== Problem details ==
Produce an exact transcription of the data, with the images left out.

== Information provided ==
------------------------------------------------
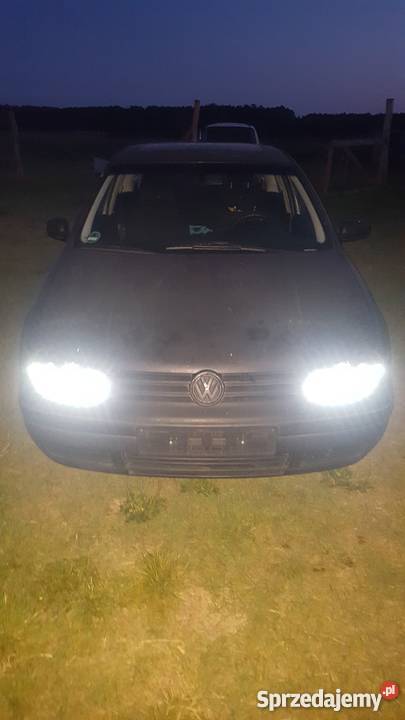 Golf 4 14 1999r reflektory ksenonowe Słubice sprzedam
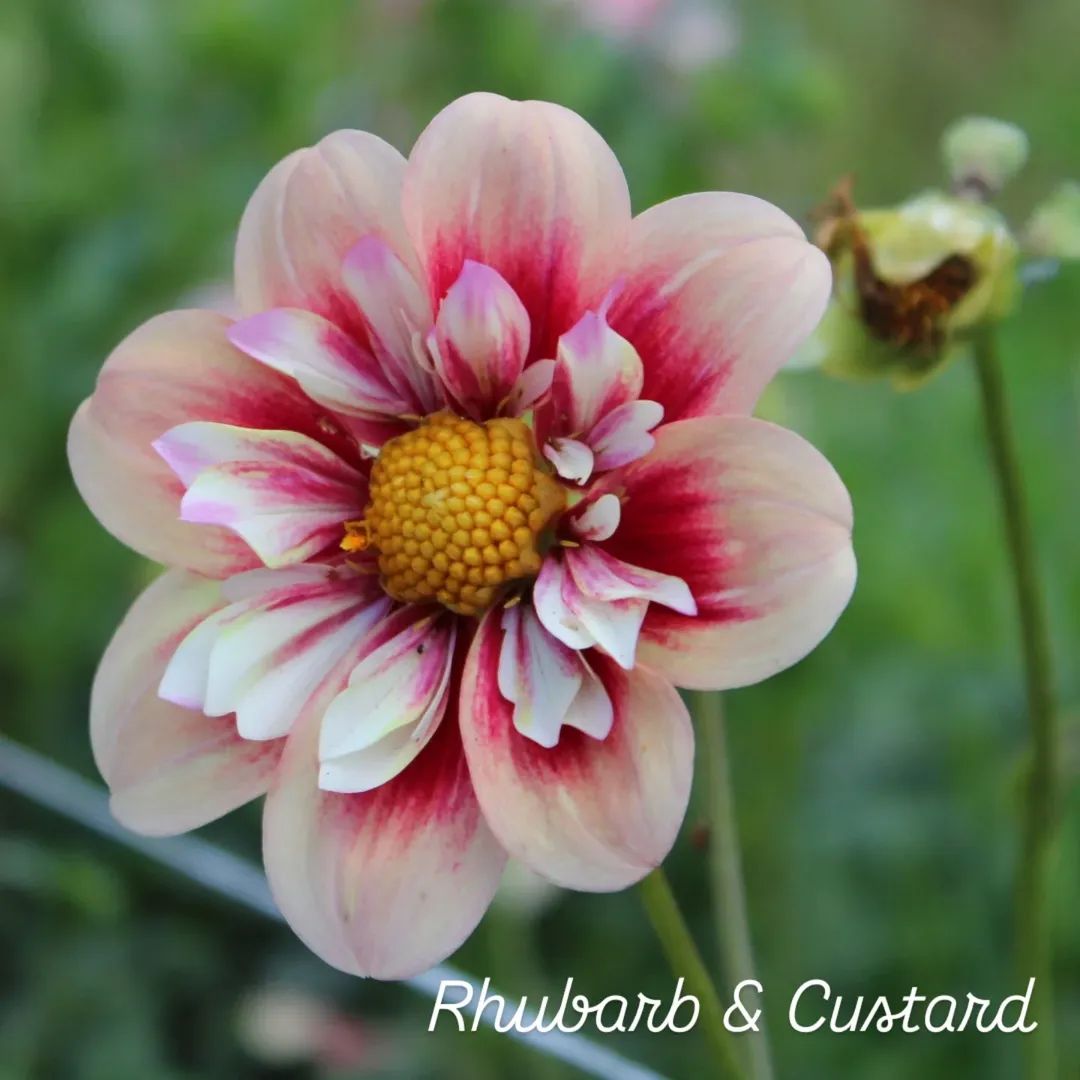 Rhubarb & Custard Collarette Dahlia
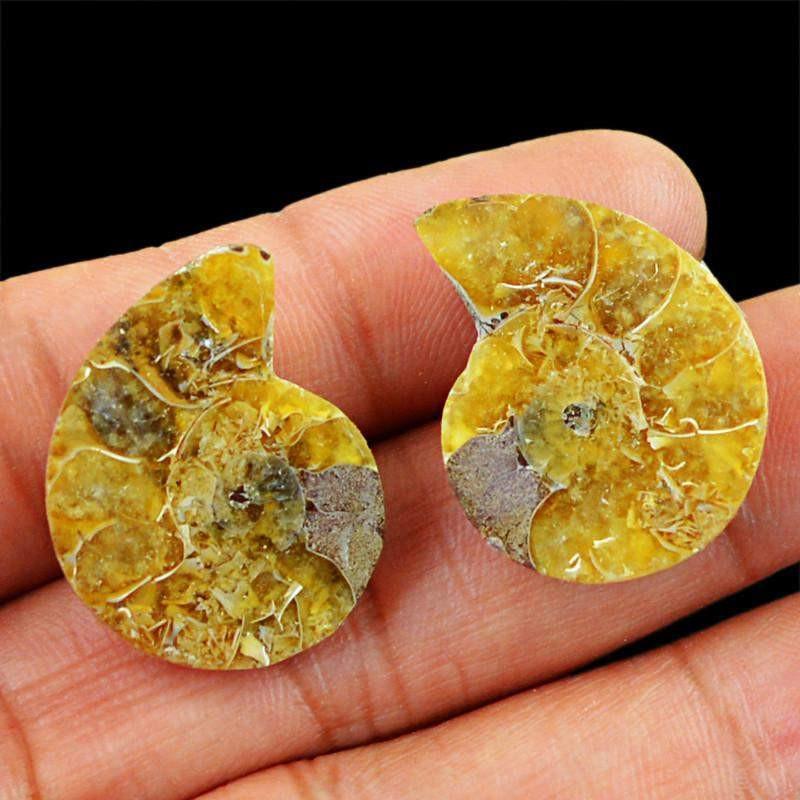gemsmore:Natural Ammonite Untreated Loose Gemstone Pair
------------------------------------------------
== Exercise output ==
 Golf 4 14 1999r reflektory ksenonowe Słubice sprzedam
 Rhubarb & Custard Collarette Dahlia
gemsmore:Natural Ammonite Untreated Loose Gemstone Pair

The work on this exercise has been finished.